Q5: Why 10,000 specifically?

TL;DR: It’s a hyperparameter tuned through experimentation, not derived from first principles. But it has solid reasoning.

Wavelength range analysis

For $d_{model}=512$ , you get a min wavelength of $2\pi \approx 6.28$ (good for local context) and a max wavelength of $2\pi \times 10000 \approx 62,800$ (far exceeds typical training lengths of 512-1024). This ensures uniqueness — even the slowest-changing dimensions don’t complete a full cycle within training sequences — while providing coverage across all scales, from token-to-token changes to global positioning.

What if we used different values?

With base = 100, your max wavelength is only $\approx 628$ tokens. Too short for modeling document structure. You get poor long-range position discrimination. With base = 1,000,000, your max wavelength explodes to $\approx 6.28M$ tokens. Now high-dimensional encodings change so slowly they provide almost no signal on typical sequences. You’d also risk numerical instability.

Frequency spacing

For $d_{model}=512$ , consecutive dimension pairs have frequency ratio $10000^{1/256} \approx 1.036$ . This ~3.6% frequency difference provides smooth, consistent progression — not too sparse (causing information loss) nor too dense (causing redundancy).

Empirical note: Some models (like T5) use base=1,000 with success, showing this is a tunable hyperparameter. The sweet spot depends on expected sequence lengths and model capacity.

There is a caveat…

Despite the mathematical elegance, sinusoidal encoding fails to extrapolate well in practice. When sequences exceed training length, performance degrades. The culprit: additive integration and attention’s nonlinear transformations.

The breakdown (step by step)

Consider tokens at positions $m$ and $n$ :

Step 1: Addition mixes signals

x_m = w_m + p_m \quad (\text{token} + \text{position})

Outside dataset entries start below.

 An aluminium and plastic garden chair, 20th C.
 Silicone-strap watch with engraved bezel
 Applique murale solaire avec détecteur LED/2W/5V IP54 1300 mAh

Content and position are now entangled in the same vector space.

Step 2: Linear projections

\begin{align*} q_m &= x_m W_Q = (w_m + p_m)W_Q = w_m W_Q + p_m W_Q\\ k_n &= x_n W_K = (w_n + p_n)W_K = w_n W_K + p_n W_K \end{align*}

The learnable matrices $W_Q, W_K$ have no knowledge of the rotational structure in $p$ .

Step 3: Attention dot product destroys rotational property

\begin{align*} q_m \cdot k_n^T &= (w_m W_Q + p_m W_Q)(w_n W_K + p_n W_K)^T\\ &= \underbrace{w_m W_Q W_K^T w_n^T}_{\text{content-content}} + \underbrace{w_m W_Q W_K^T p_n^T}_{\text{content-pos}} \\ &\quad + \underbrace{p_m W_Q W_K^T w_n^T}_{\text{pos-content}} + \underbrace{p_m W_Q W_K^T p_n^T}_{\text{pos-pos}} \end{align*}

The beautiful relative-position-as-rotation property only exists in the raw $PE(pos)$ vectors. After projection and mixing, it’s destroyed. The model perceives an entangled combination of token-token similarity, token-position interaction, and position-position interaction. The rotation matrix property is not preserved through $W_Q W_K^T$ .

The solution?

Rotary Positional Embedding (RoPE) solves this by applying rotation after projection (to $q$ and $k$ directly), ensuring the rotation operation commutes with the dot product, and making relative position explicit in attention scores. But that’s a story for the next episode.

Key takeaway: Sinusoidal encoding is theoretically elegant but practically compromised by how Transformers integrate it. It’s a clever hack that works well enough for most use cases, but modern architectures like RoPE improve on its limitations by respecting the geometry throughout the attention computation.